The woman you see pictured here is Mwanaedi, a farmer from the village of Mwasonga in Tanzania. While she looks to be having an ordinary phone conversation, the circumstances of the call are actually quite extraordinary.

We were visiting with Mwanaedi on her porch when she took the call. We heard her explain to the caller the benefits of a particular variety of sweet potato and share tips on how to grow it, suggesting to plant the vines just before the rains in high, well-drained ridges. And she arranged to provide some vines.

Mwanaedi is an orange-fleshed sweet potato (OFSP) farmer and vine supplier. By selling OFSP vines to other farmers, she is helping more people grow and eat this more nutritious alternative to more traditional varieties of this staple crop.

It came as no surprise to us that Mwanaedi was being sought out for advice on OFSP. She is a member of farmers' group that began growing it more than ten years ago. And she's also known for the OFSP bajias (fried snacks), crisps, and noodles she makes and sells to a local food vendor.

What was surprising was how the call came to be.

When she got off the phone, Mwanaedi explained that the caller was a female farmer in Iringa -- a community some 700 kilometres away -- who was interested in buying some vines for her farmers' group.
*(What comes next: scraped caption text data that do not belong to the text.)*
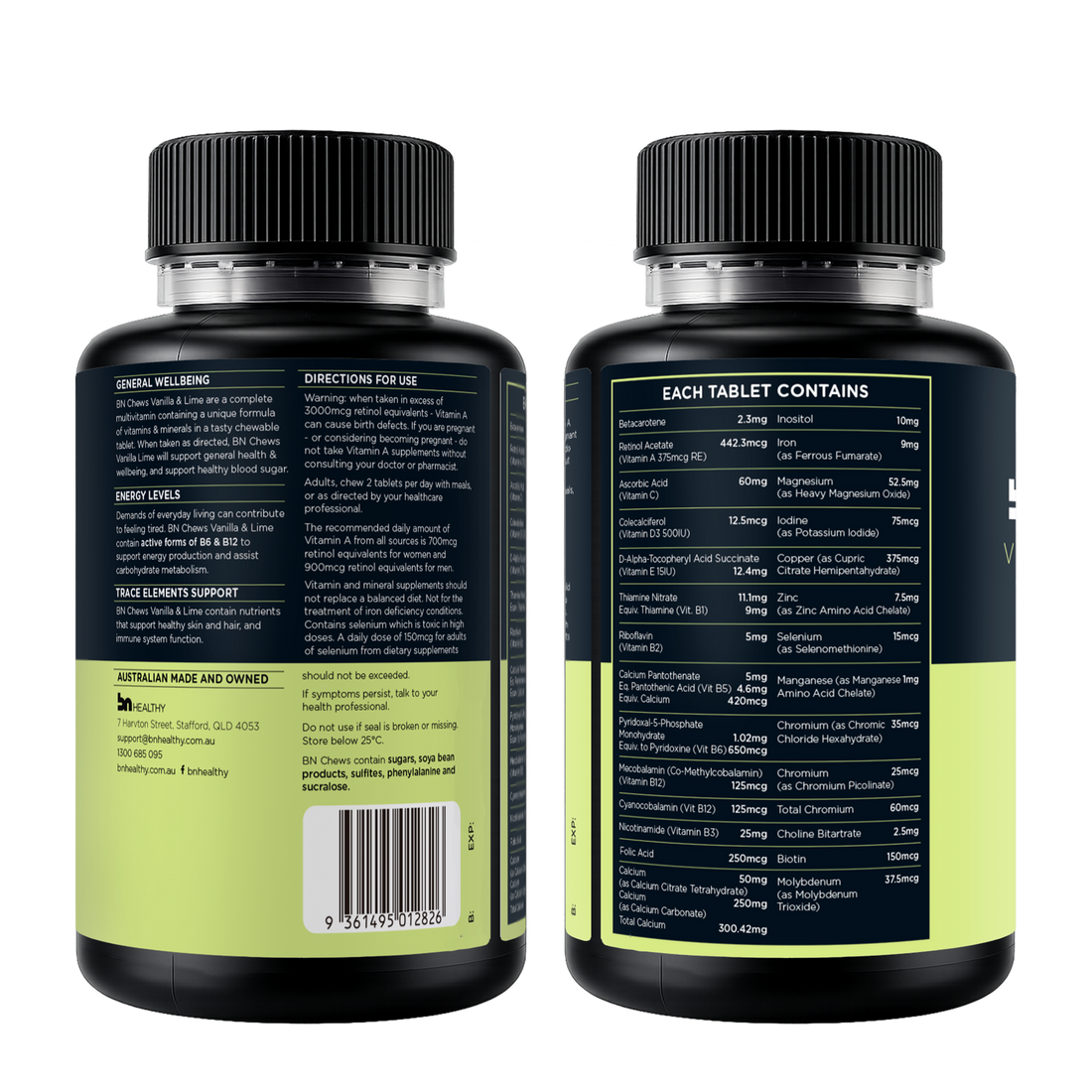BN Chews Vanilla & Lime with 18mg Iron - Bariatric Chewable Multivitamins
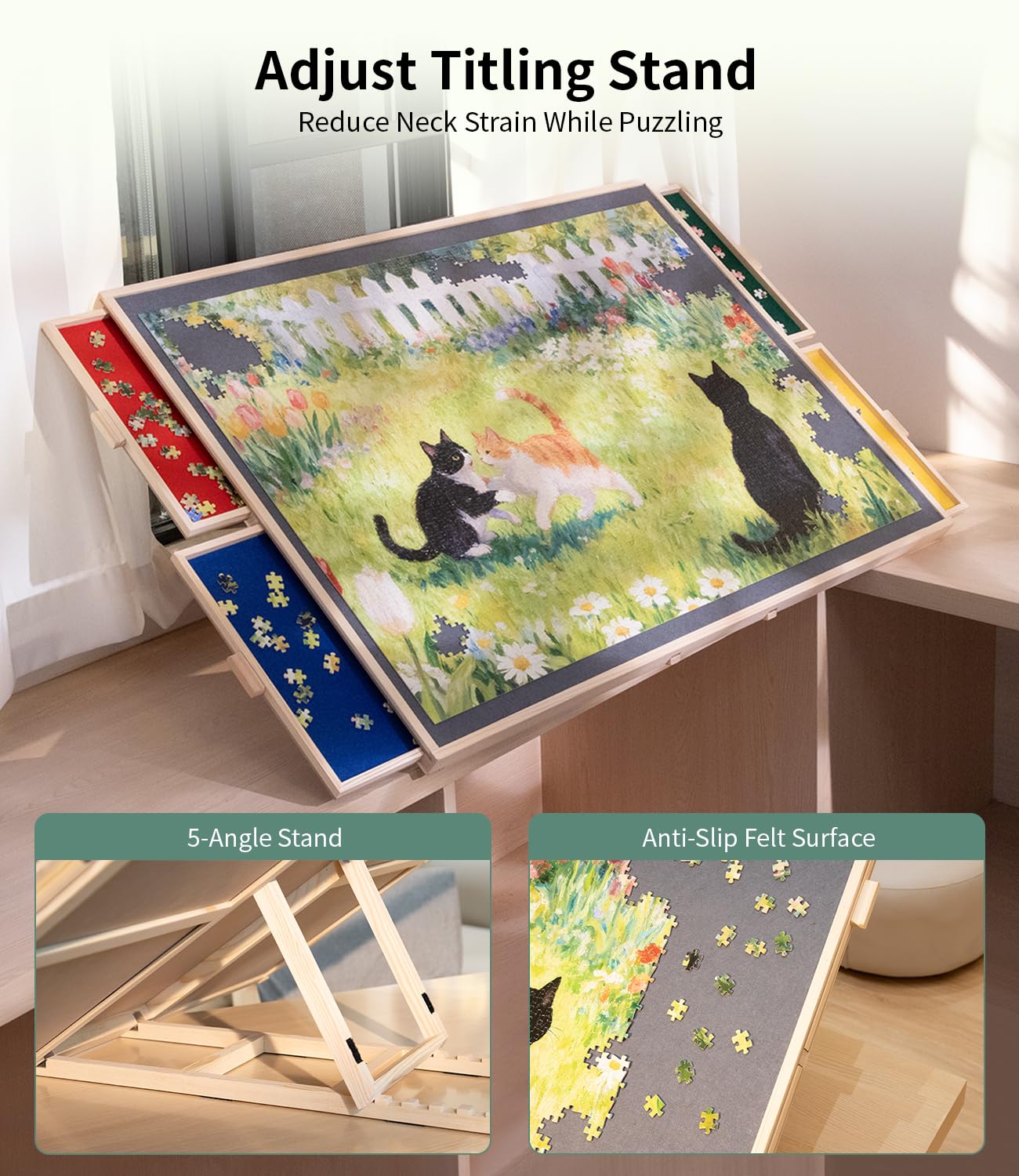 JOIN&JOY 1500-Piece Tilting & Rotating Puzzle Board – Non-Slip, Protective Cover, Colorful Drawers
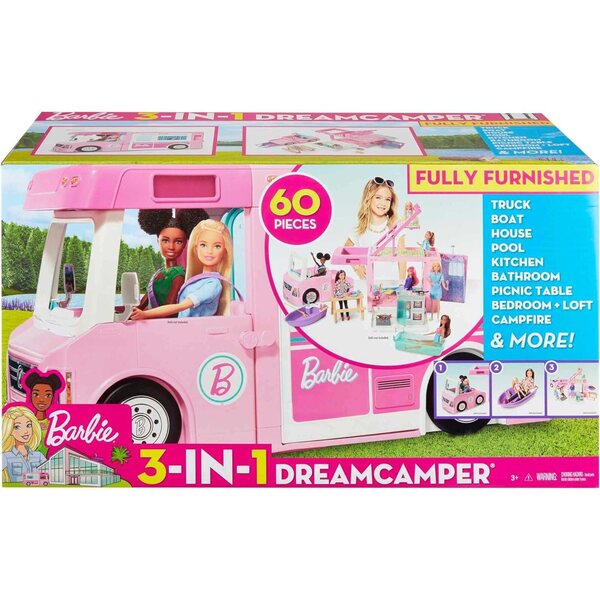 Barbie 3-in-1-Campingwagen mit Pool, Pick-Up, Bateau und über 60 Zubehörteilen für Kinder ab 3 Jahren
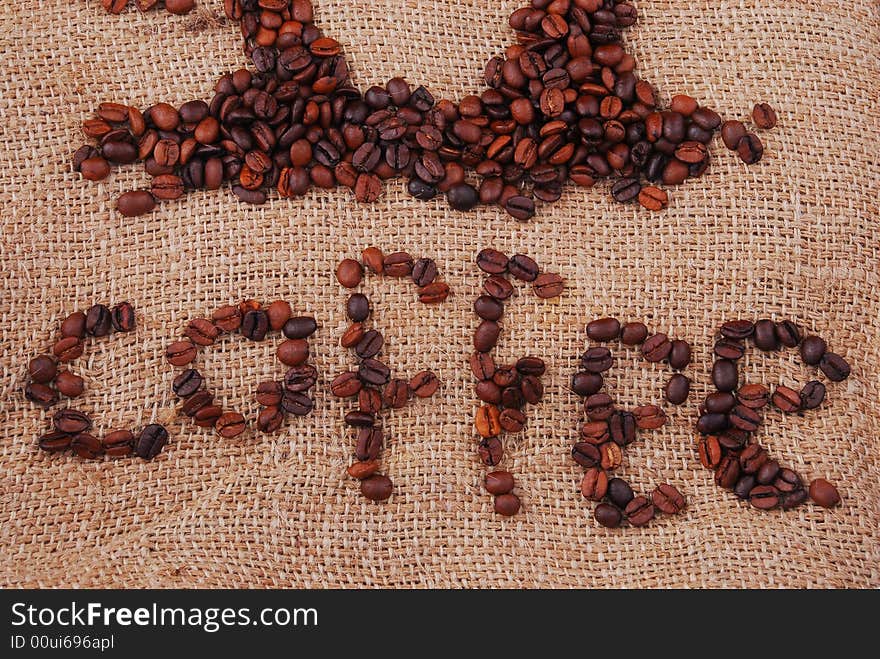 Coffee cup made of beans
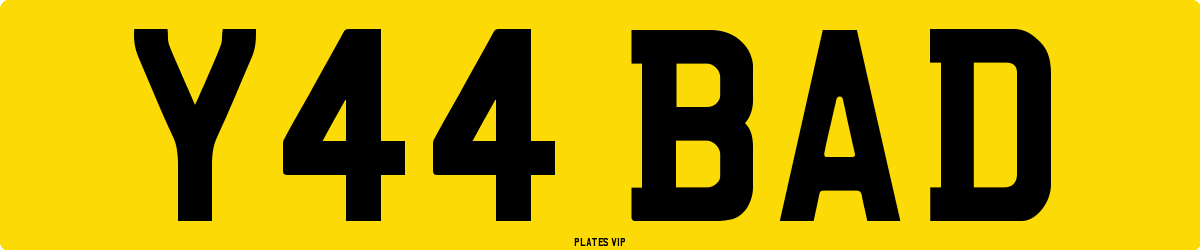 Y44 BAD Number Plate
Mwanaedi's phone number had been shared over the radio as a supplier of OFSP vines, announced as part of a special radio series about OFSP broadcast across Tanzania by Radio Maria, one of Farm Radio International's broadcasting partners.

The radio broadcast hadn't happened the week or even the month prior. The program had aired more than a year earlier. And the person calling Mwanaedi hadn't even listened to the show. It was the caller's neighbour who had tuned in, written down Mwanaedi's number, and held on to it, passing it on more than a year after the radio broadcast.

That's the power of radio, people, and good ideas. And OFSP is a mighty good idea.

A hidden hunger: Childhood vitamin A deficiency in sub-Saharan Africa

We know that getting enough vitamins and minerals -- especially in the first years of life -- is necessary for physical, mental, and dietary health. But many families in the developing world are simply not getting the nutrients they need -- even if they are getting enough calories. This is what we call "hidden hunger."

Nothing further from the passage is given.